▶ _Pictures with short captions_:
BEGIN

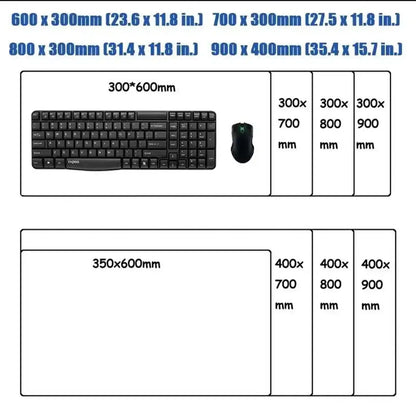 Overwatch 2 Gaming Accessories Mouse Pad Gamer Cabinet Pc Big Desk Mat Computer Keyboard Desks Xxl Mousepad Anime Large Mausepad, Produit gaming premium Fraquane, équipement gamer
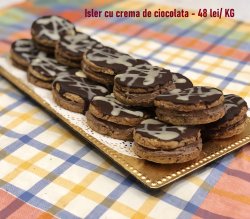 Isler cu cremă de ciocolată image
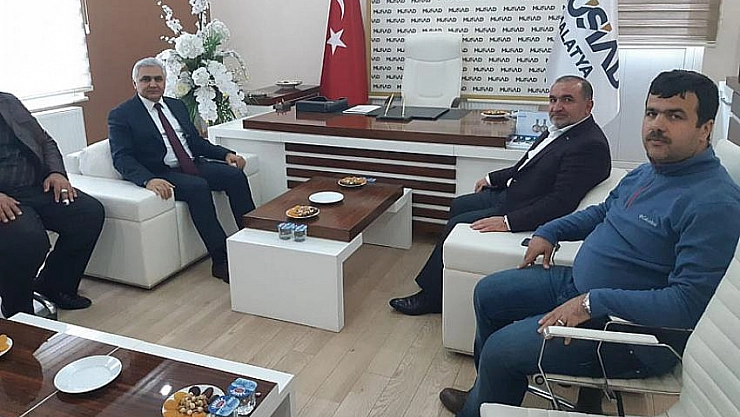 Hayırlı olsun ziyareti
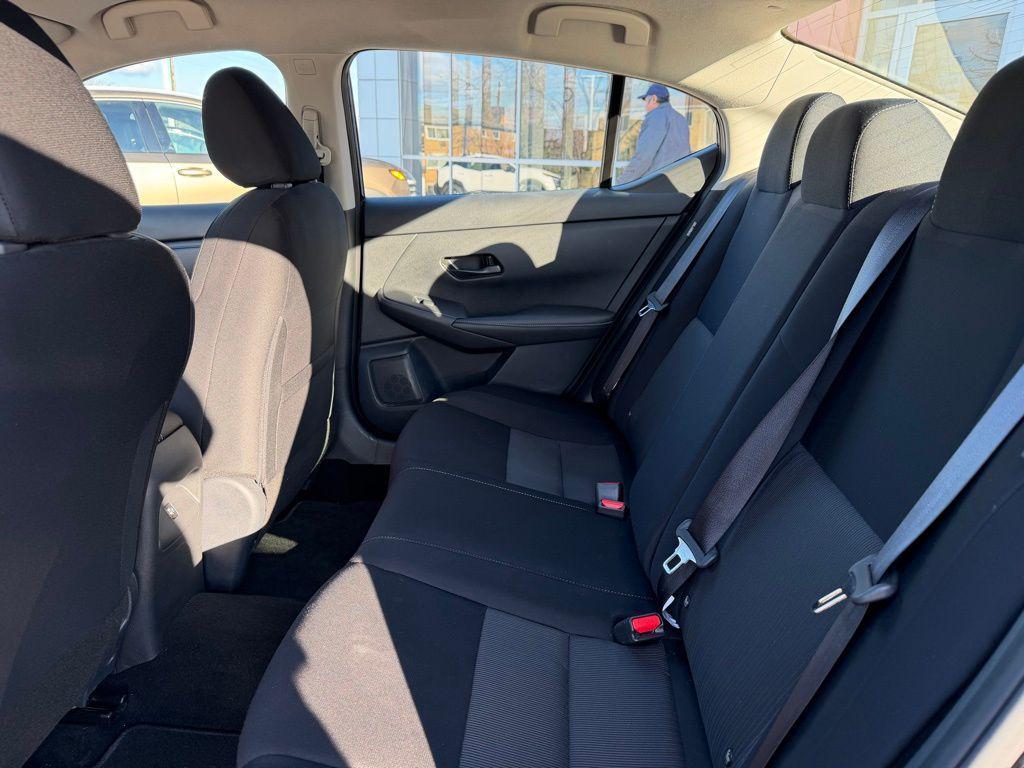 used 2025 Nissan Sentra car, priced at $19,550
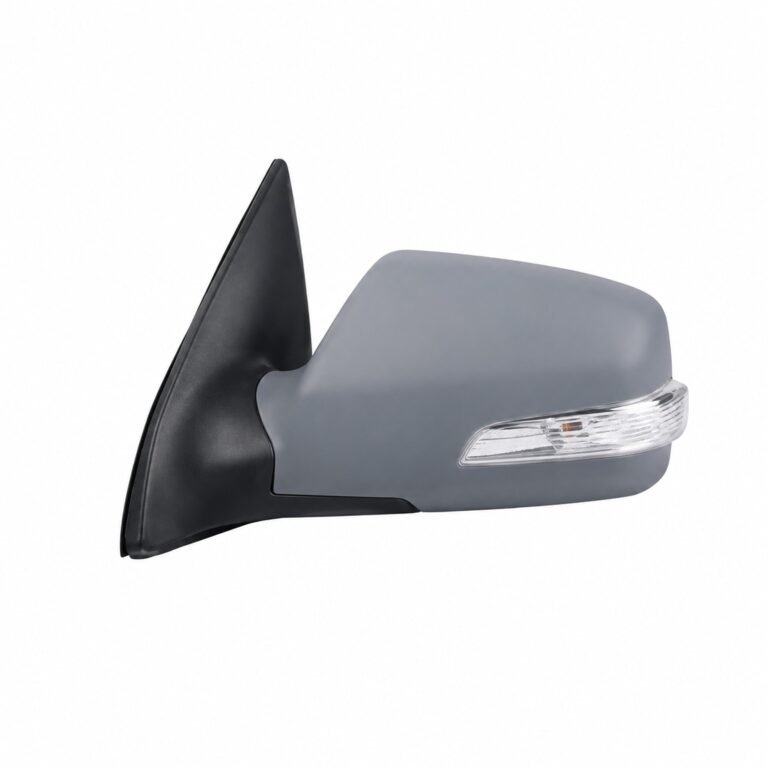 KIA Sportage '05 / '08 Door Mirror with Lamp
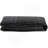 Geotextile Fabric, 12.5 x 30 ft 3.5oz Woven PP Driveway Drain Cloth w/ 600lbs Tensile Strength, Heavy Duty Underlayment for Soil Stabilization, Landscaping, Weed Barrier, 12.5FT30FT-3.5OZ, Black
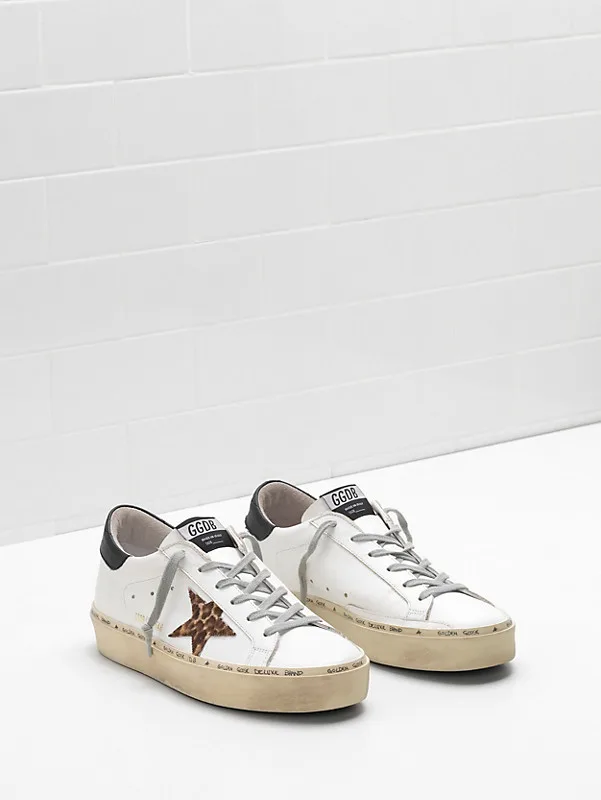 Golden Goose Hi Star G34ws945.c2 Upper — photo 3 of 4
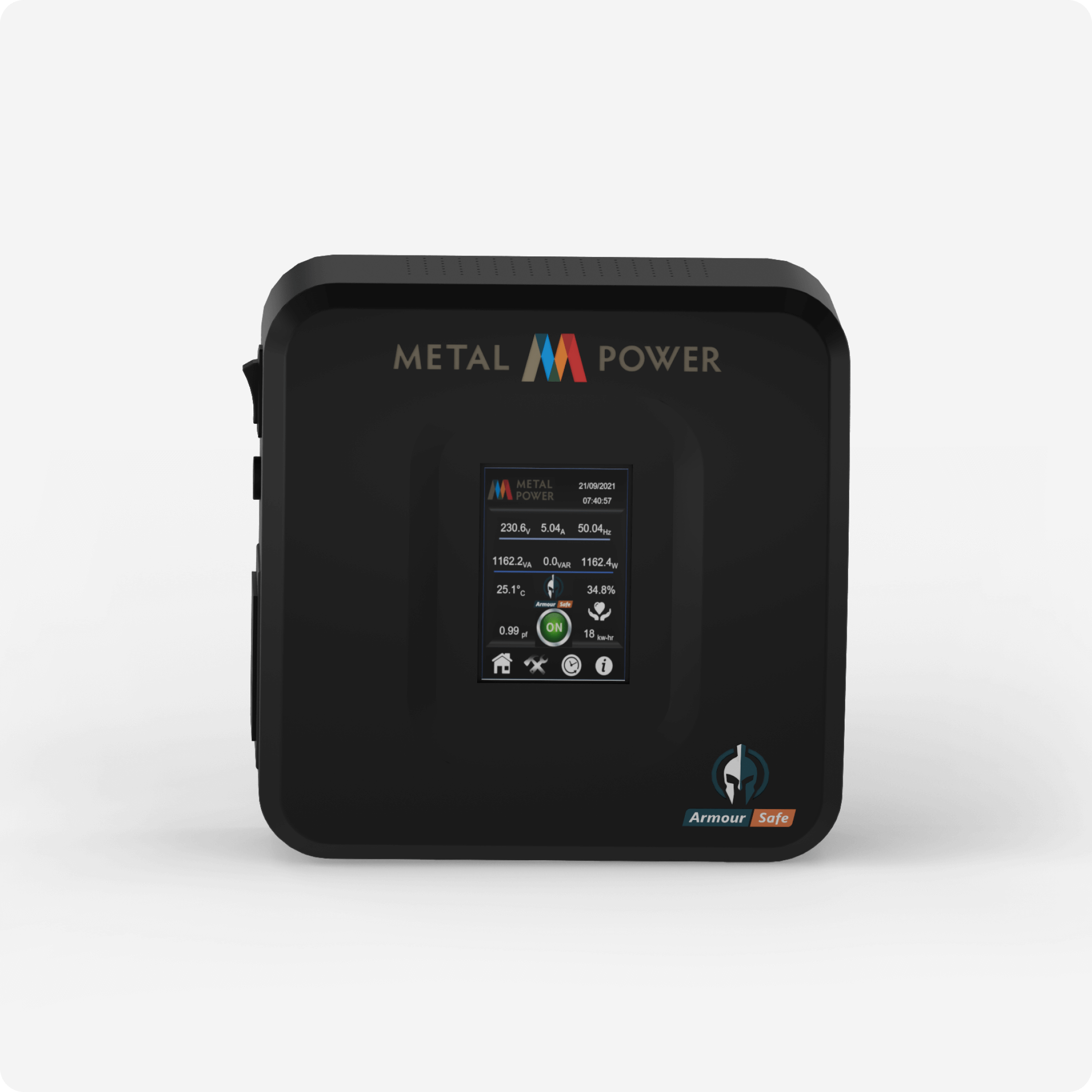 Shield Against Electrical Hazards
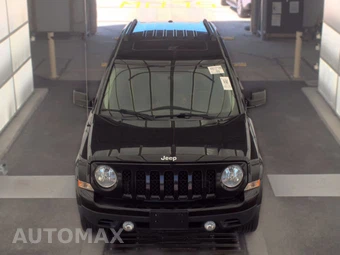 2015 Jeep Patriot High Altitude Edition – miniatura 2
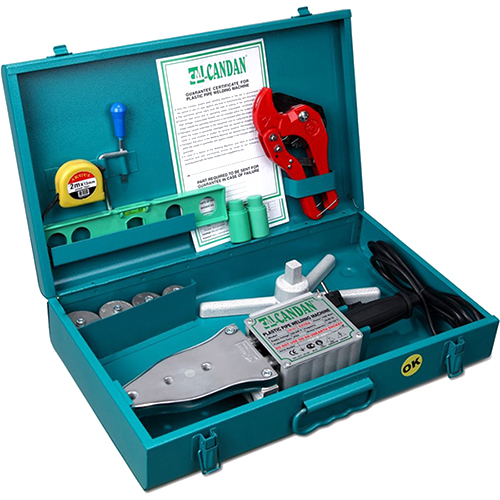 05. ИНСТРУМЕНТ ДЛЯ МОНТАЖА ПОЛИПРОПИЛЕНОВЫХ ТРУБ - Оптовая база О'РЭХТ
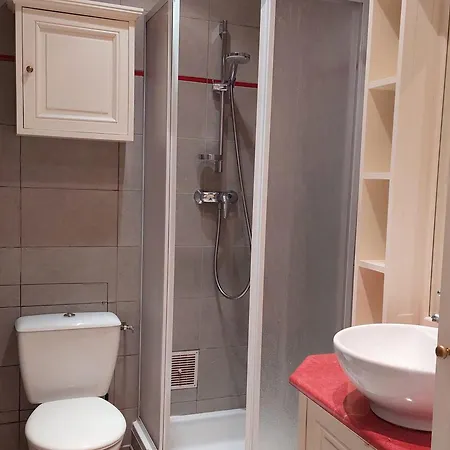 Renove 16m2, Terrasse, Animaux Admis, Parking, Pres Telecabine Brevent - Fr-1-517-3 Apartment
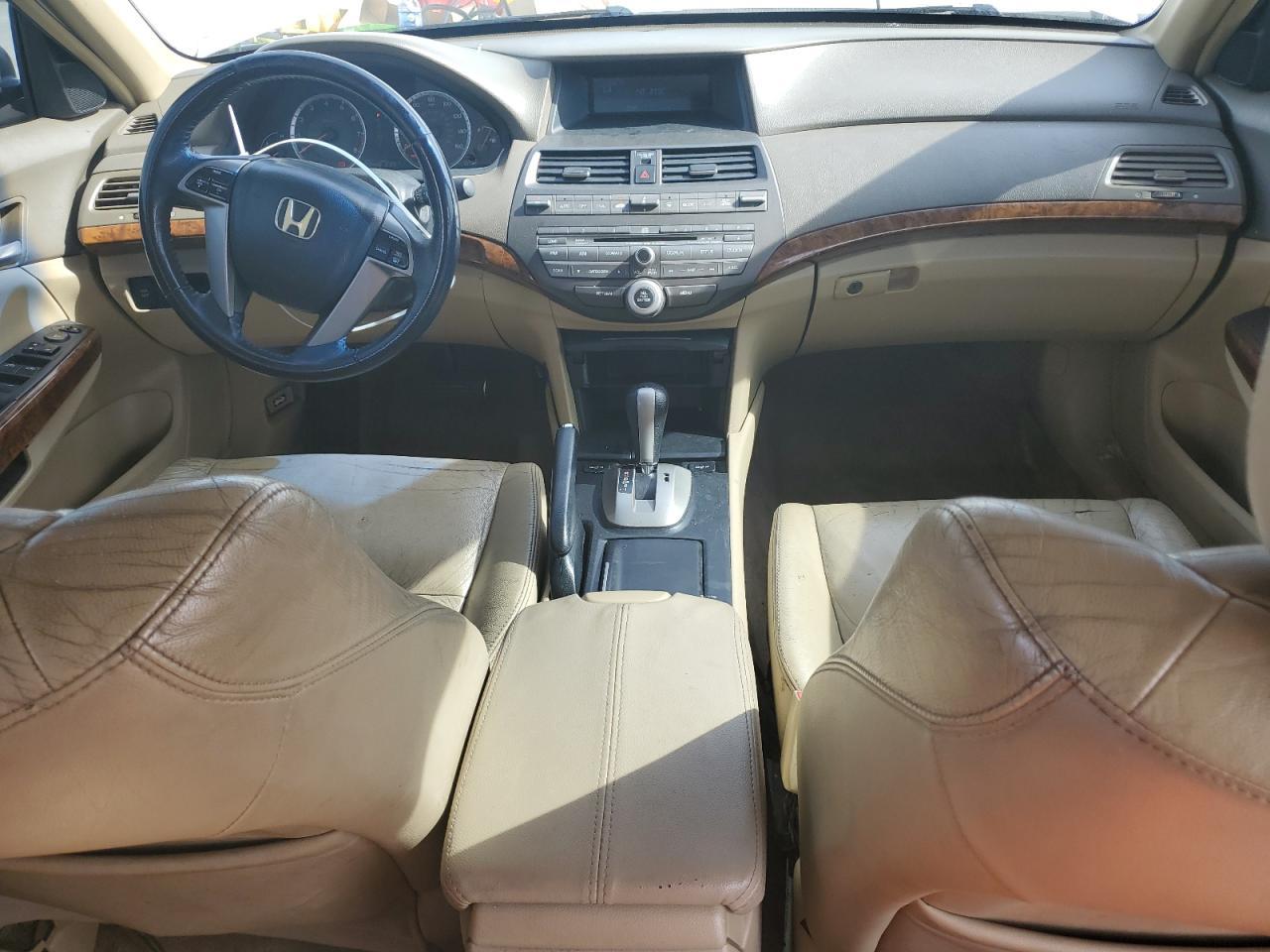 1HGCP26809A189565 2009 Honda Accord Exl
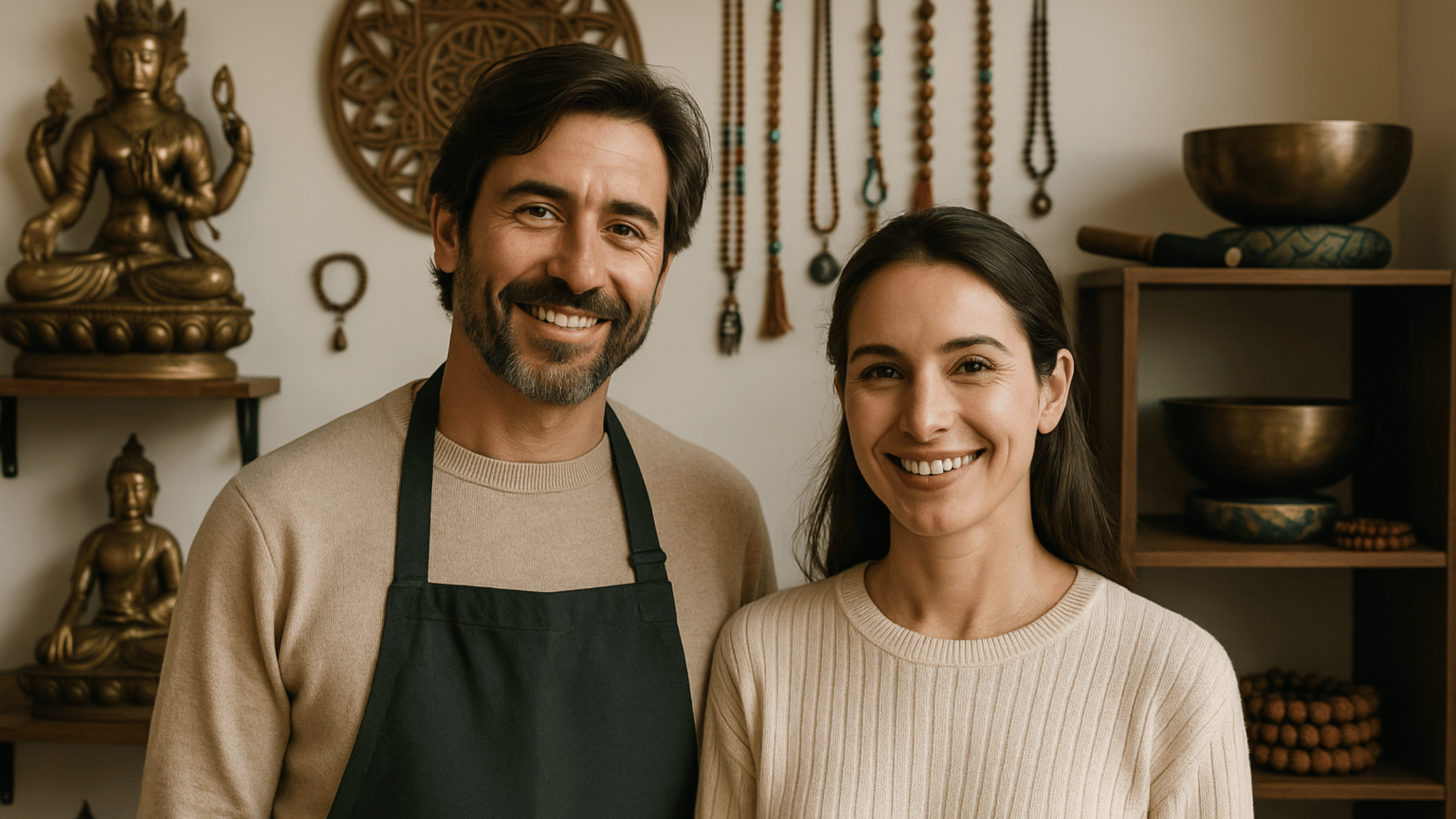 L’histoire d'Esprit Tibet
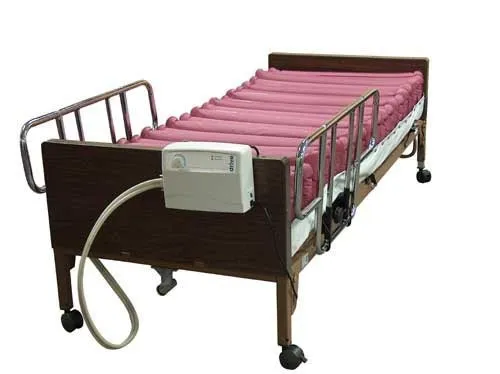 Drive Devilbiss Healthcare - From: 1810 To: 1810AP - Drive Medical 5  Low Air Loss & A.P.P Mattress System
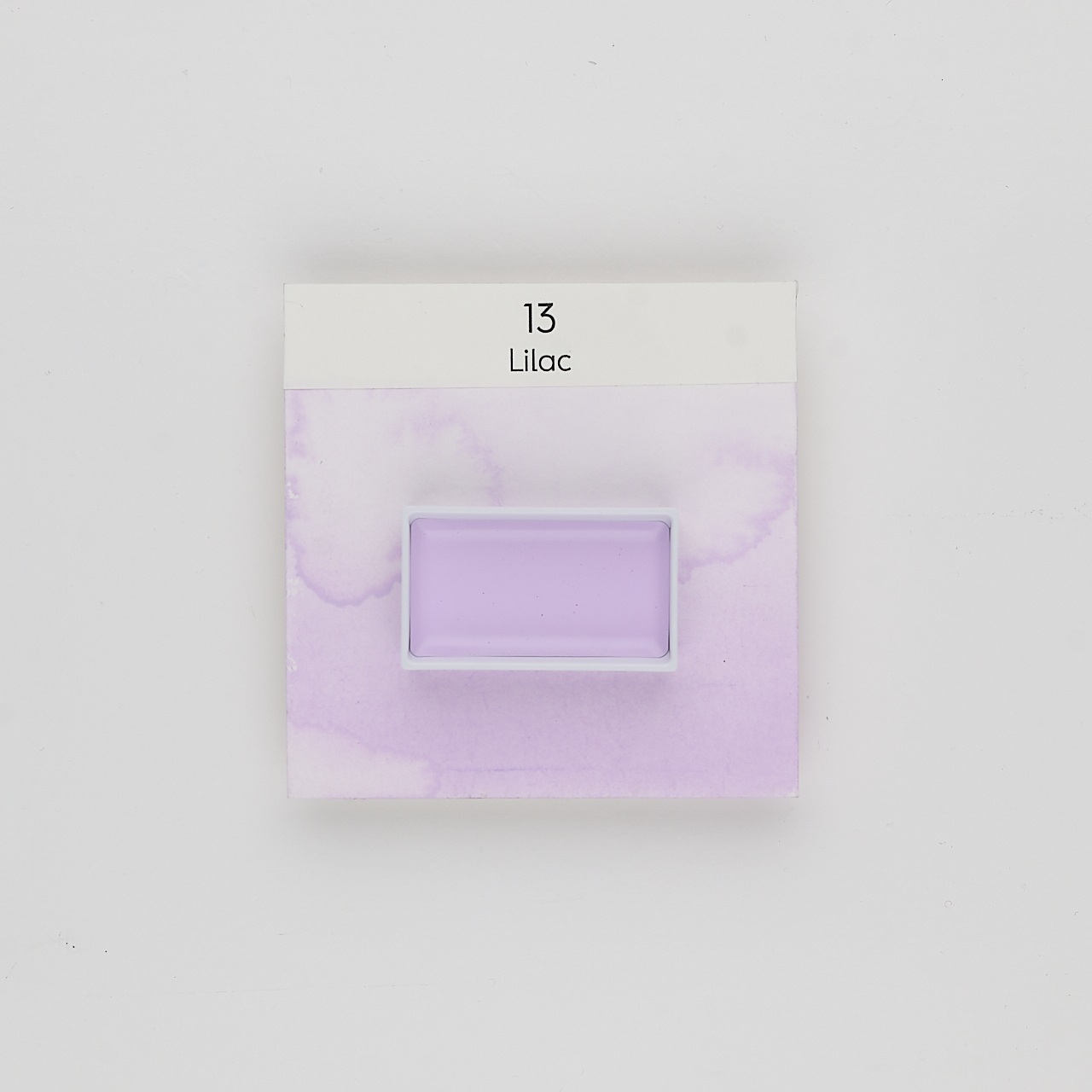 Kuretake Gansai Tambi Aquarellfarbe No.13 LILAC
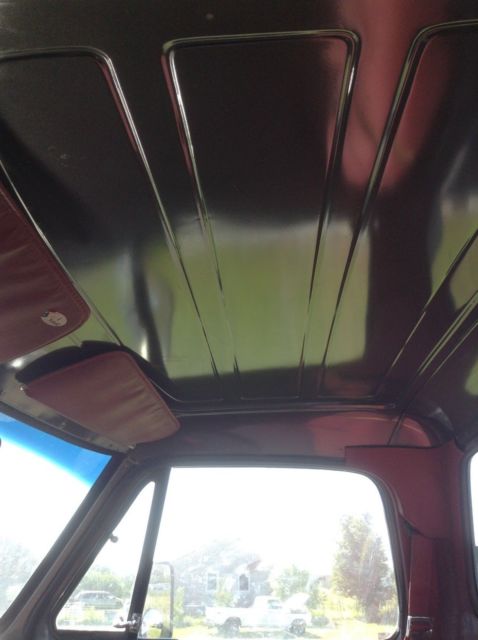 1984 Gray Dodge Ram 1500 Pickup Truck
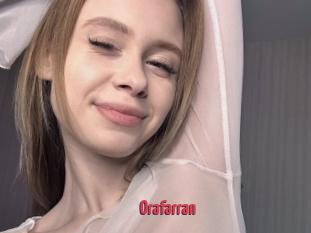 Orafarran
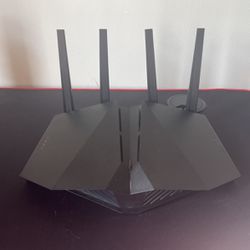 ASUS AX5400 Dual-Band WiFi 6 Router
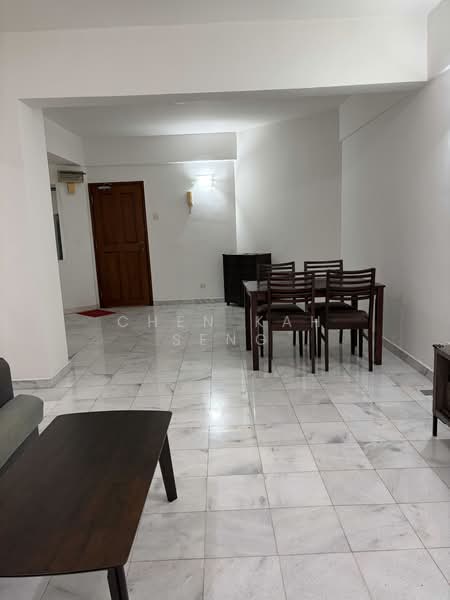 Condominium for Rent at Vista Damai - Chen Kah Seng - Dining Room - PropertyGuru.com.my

END

▶ _Problem description_:
The lines to retype begin with the one containing "Hayırlı olsun ziyareti" and end with the last line of the records. Reproduce them exactly and omit the pictures.

▶ _Output below_:
 Hayırlı olsun ziyareti
 used 2025 Nissan Sentra car, priced at $19,550
 KIA Sportage '05 / '08 Door Mirror with Lamp
 Geotextile Fabric, 12.5 x 30 ft 3.5oz Woven PP Driveway Drain Cloth w/ 600lbs Tensile Strength, Heavy Duty Underlayment for Soil Stabilization, Landscaping, Weed Barrier, 12.5FT30FT-3.5OZ, Black
 Golden Goose Hi Star G34ws945.c2 Upper — photo 3 of 4
 Shield Against Electrical Hazards
 2015 Jeep Patriot High Altitude Edition – miniatura 2
 05. ИНСТРУМЕНТ ДЛЯ МОНТАЖА ПОЛИПРОПИЛЕНОВЫХ ТРУБ - Оптовая база О'РЭХТ
 Renove 16m2, Terrasse, Animaux Admis, Parking, Pres Telecabine Brevent - Fr-1-517-3 Apartment
 1HGCP26809A189565 2009 Honda Accord Exl
 L’histoire d'Esprit Tibet
 Drive Devilbiss Healthcare - From: 1810 To: 1810AP - Drive Medical 5  Low Air Loss & A.P.P Mattress System
 Kuretake Gansai Tambi Aquarellfarbe No.13 LILAC
 1984 Gray Dodge Ram 1500 Pickup Truck
 Orafarran
 ASUS AX5400 Dual-Band WiFi 6 Router
 Condominium for Rent at Vista Damai - Chen Kah Seng - Dining Room - PropertyGuru.com.my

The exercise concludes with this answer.